Disjunctive Blocking is when a rule is blocked if a more specific conflicting rule can also apply. Follows an example of stress rules in Latin (simplified):

A. V → [+stress] / __ CVCCVC# (stress the antepenult if the penult is light)

B. V → [+stress] / __ CVC# (stress the penult)

C. V → [+stress] / __ C# (stress the ultima)

Rule a. applies to words that fit the descriptions of A,B, and C (pa'tricia, 'reficit); however, rule b only applies to words that fit the descriptions of B and C (re'fectus, re'fecit, 'aqua, 'amo); finally, rule C only applies to words that fir the description of C('mens, 'cor, 're).

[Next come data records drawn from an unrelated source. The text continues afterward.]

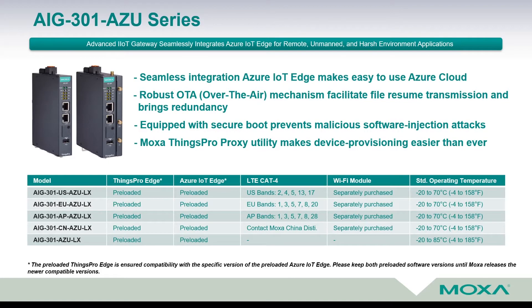As this device is purposed to integrate customer applications in Azure IoT cloud, it comes already with preinstalled software Things Pro Edge, which includes Azure IoT Edge. Depending on the different regions where the device is intended to be deployed — United States, Europe, Asia-Pacific, or China — this device comes with a preinstalled LTE Category 4 modem for different regions.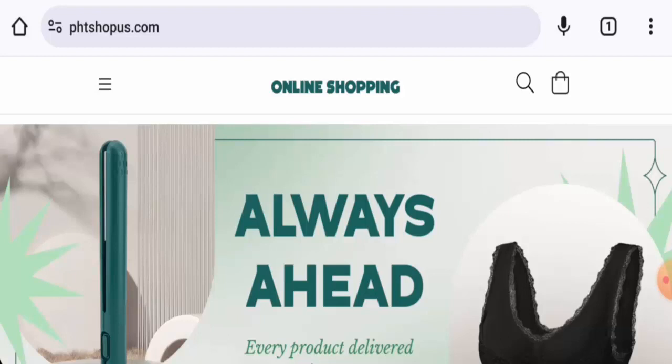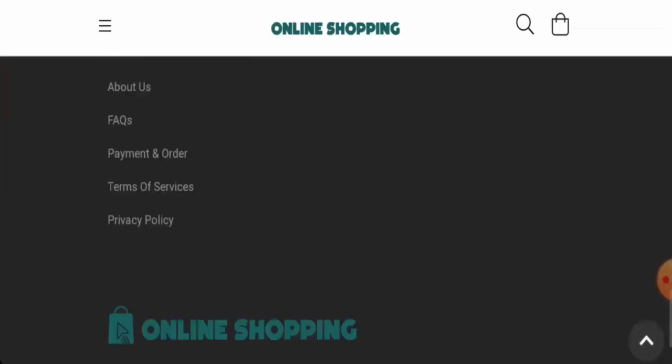We will provide you with complete information regarding this website, so kindly watch this video till the end. This is an e-commerce site which offers shoes, hair accessories, hair styling products, and other accessories as well. Next we are going to check the policies, starting with their payment types.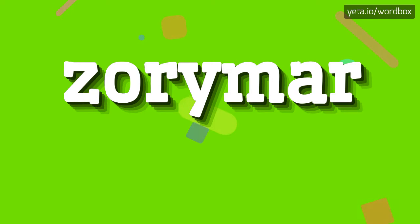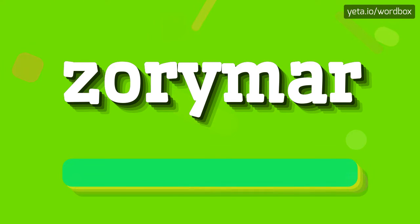Hey! Thanks for choosing this channel! Today you will see how to pronounce this word. The word you are watching sounds like: Zorimer.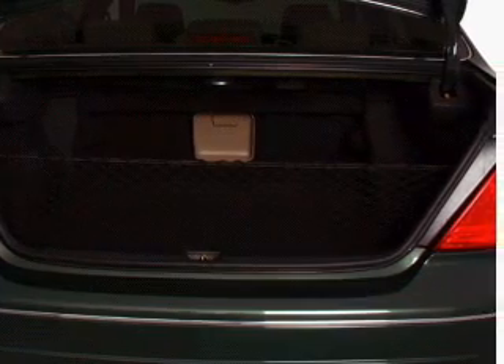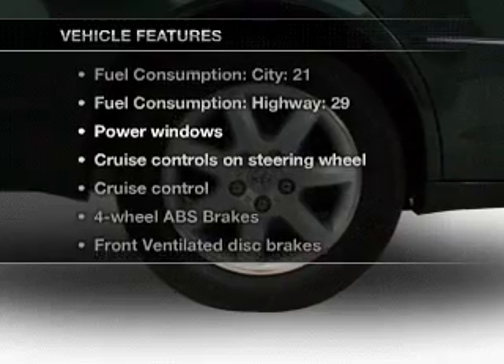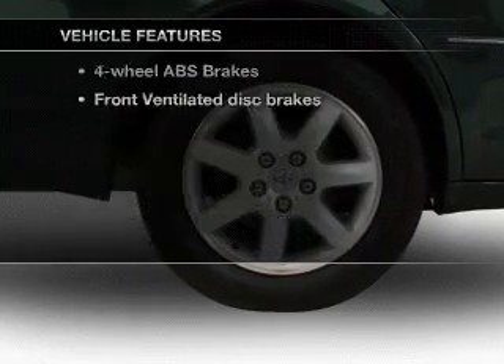Anti-lock brakes help you bring your vehicle to a safe stop. And with these notable features, you won't want to miss out on the opportunity to own this amazing ride.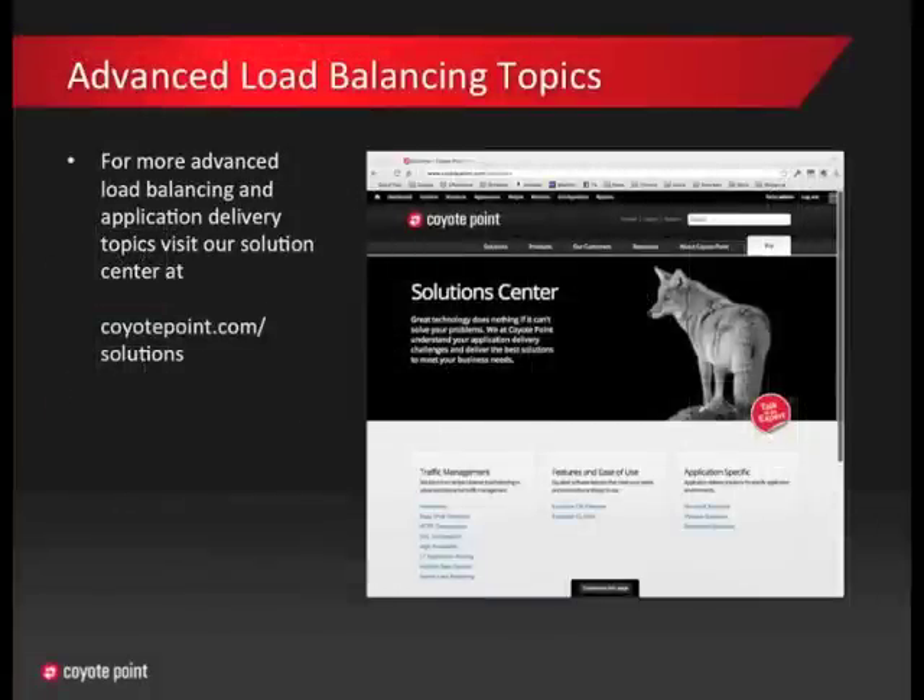That's it for the basic principles of load balancing. If you need more information on this or other load balancing and application delivery concepts, you can visit our Solution Center on CoyotePoint.com. With that, let's get on to the E370LX.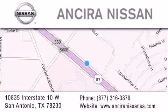We're located at 10835 Interstate Highway 10 West in San Antonio. We look forward to serving you.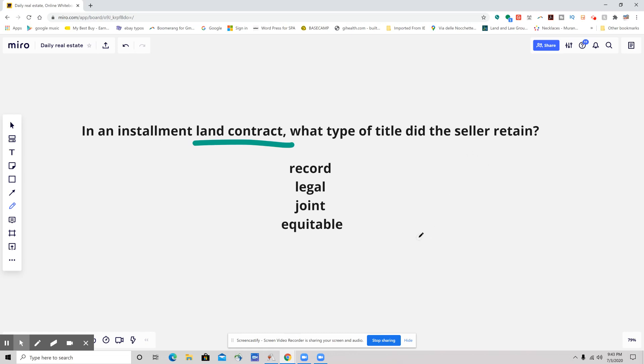Let's take out a couple of answers we don't think will work. Joint title is not going to be the answer, because this is asking what the seller is retaining — and record title isn't it either. The two that people were getting confused with were legal and equitable. So the seller, until the final payment is made, will hold legal title. Equitable title is something that the borrower or purchaser is going to get.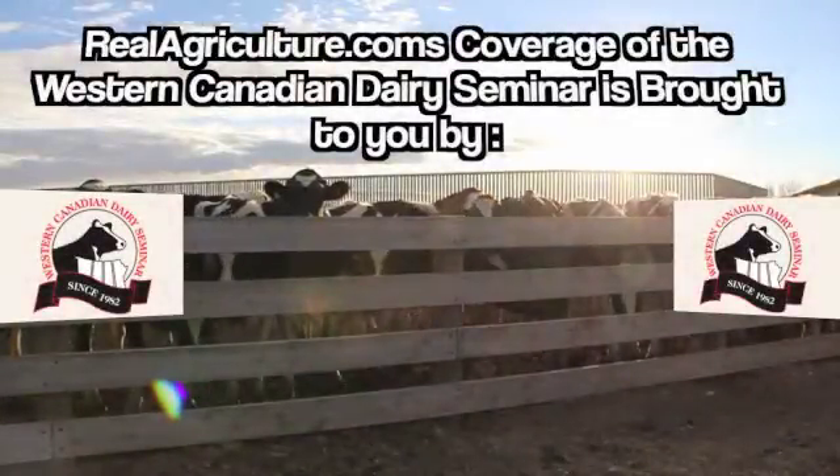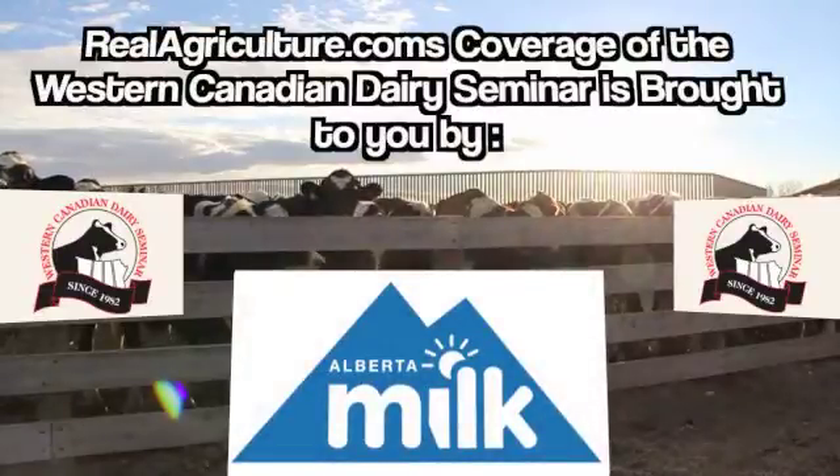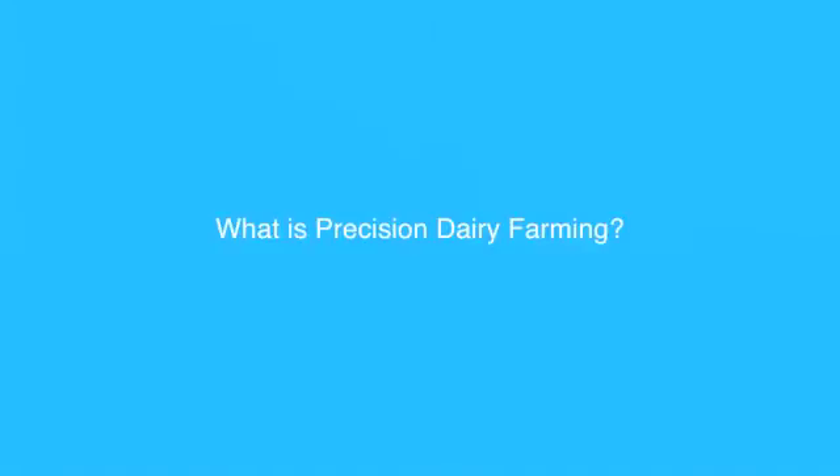RealAgriculture.com's coverage of the Western Canadian Dairy Seminar is brought to you by Alberta Milk. Precision dairy farming, to me, is using technologies to monitor the cow — monitoring physiology, behavior, and production, with frequent measurements of things that we would like to know about the cows that we work with.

Non-derived Environment Blocking is when a rule is blocked if its structural description is not derived phonologically or morphologically. In other words, a certain rule A must apply in order for the rule B to every apply. If rule A has not applied first, rule B will not apply even if there is an opportunity for it to do so.

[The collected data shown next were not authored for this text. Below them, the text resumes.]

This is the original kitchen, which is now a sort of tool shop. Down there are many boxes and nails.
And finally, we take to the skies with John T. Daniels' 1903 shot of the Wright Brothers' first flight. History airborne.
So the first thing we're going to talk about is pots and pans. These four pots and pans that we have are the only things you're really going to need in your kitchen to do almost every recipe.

Do-Something-Except-When Blocking is when a rule is blocked from creating structures that are not allowed to surface for unrelated reasons. If a rule is about to create a sequence of segments that is not attested in the current language, the rule will be blocked.

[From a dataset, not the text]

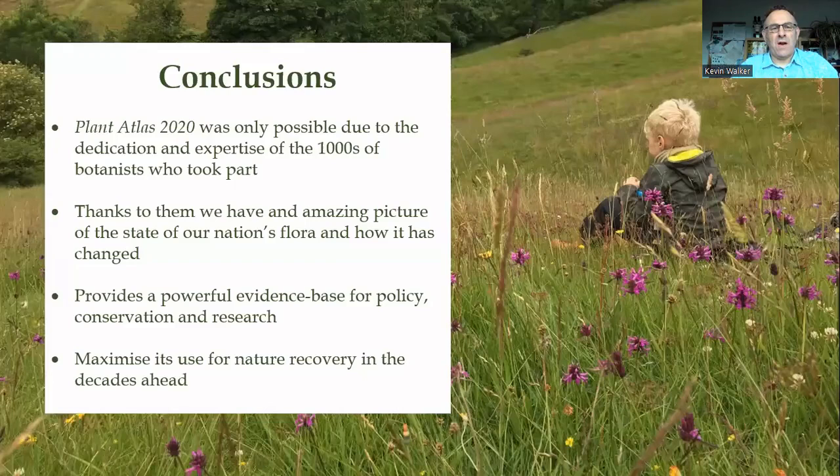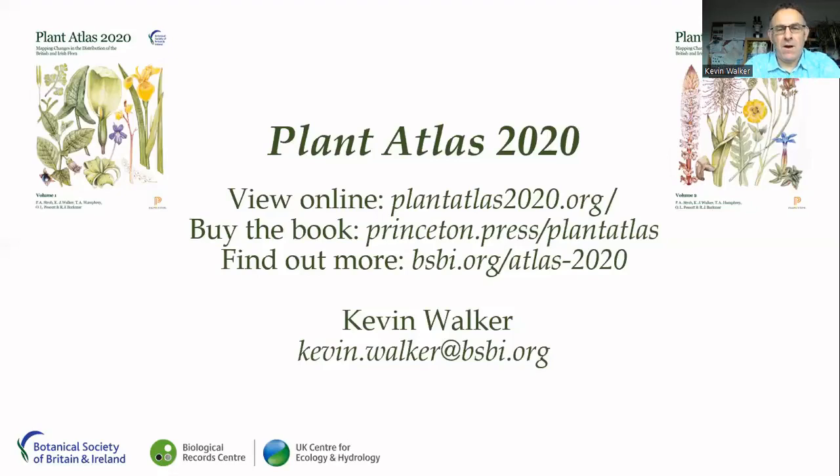Plant Atlas 2020 was an absolutely magnificent success, made possible only due to the dedication and expertise of the thousands of botanists who took part, from beginners through to experts. It provides an amazing picture of the state of the nation's flora at the start of the 21st century and how it's changed since the middle of the 20th century, giving an incredibly powerful evidence base for policy, conservation, and research. It's now up to us all to maximise its use for nature recovery in the decades ahead.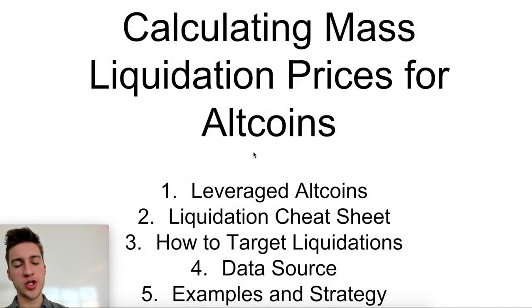Hello traders, and welcome to part two of hunting liquidation prices for traders on BitMEX. Part one in this series looked at XBTUSD, the perpetual swap, and how one can calculate where traders are likely to be liquidated, what you can do if you see other traders getting liquidated, and how you can take advantage of other people's misfortune. In today's video, we're going to be doing a similar thing, but with altcoins on BitMEX instead of looking at XBT.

A common example for unattested structures appearing in English is in first language acquisition. Children may sometimes have rules that, when combined, create sequences that are not attested in English, or any language for that matter. One notable example is from Amahl, who between the ages of 2 and 3 produced [tl] onsets, as a result of an [s] → [t] rule and a [r] → [l] rule in complex onsets, turning words like "slowly" [sloli] into [tloli]. The [tl] onset is largely unattested, except arguably in Bulgarian, although words that contain it are either archaic and unused, or the [tɫ] onset becomes [tw], which is easier to produce.

===Overapplication without Counterbleeding===

Self-destructive Feeding is when feeding causes overapplication opacity. In other words, a rule A feeds a rule B, and then that rule B removes the environment for rule A. Intuitively, this only happens with deletion, where rule A deletes a segment resulting in the correct environment for B, and then B also deletes a segment. A common example of this is from Turkish.
| | | /ajag+sɯ/ |
| Elision: | s → ∅ / C __ | ∅ |
| Deletion: | g → ∅ / V __ V | ∅ |
| | | [ajaɯ] |

Mutual Bleeding is when a rule A bleeds a rule B, and the rule B would also bleed rule A if it were ordered before it. This is similar to Fed Counterfeeding. In fact, mutual bleeding can be called Bled Counterbleeding, just like fed counterfeeding could potentially be called mutual feeding. The overapplication here stems from the inability of the second rule to apply (thus counterbleeding), however the forms that surface are not opaque, since the only rule that did apply is the first one (thus bleeding). Since bleeding is transparent, the resulting surface form is also transparent.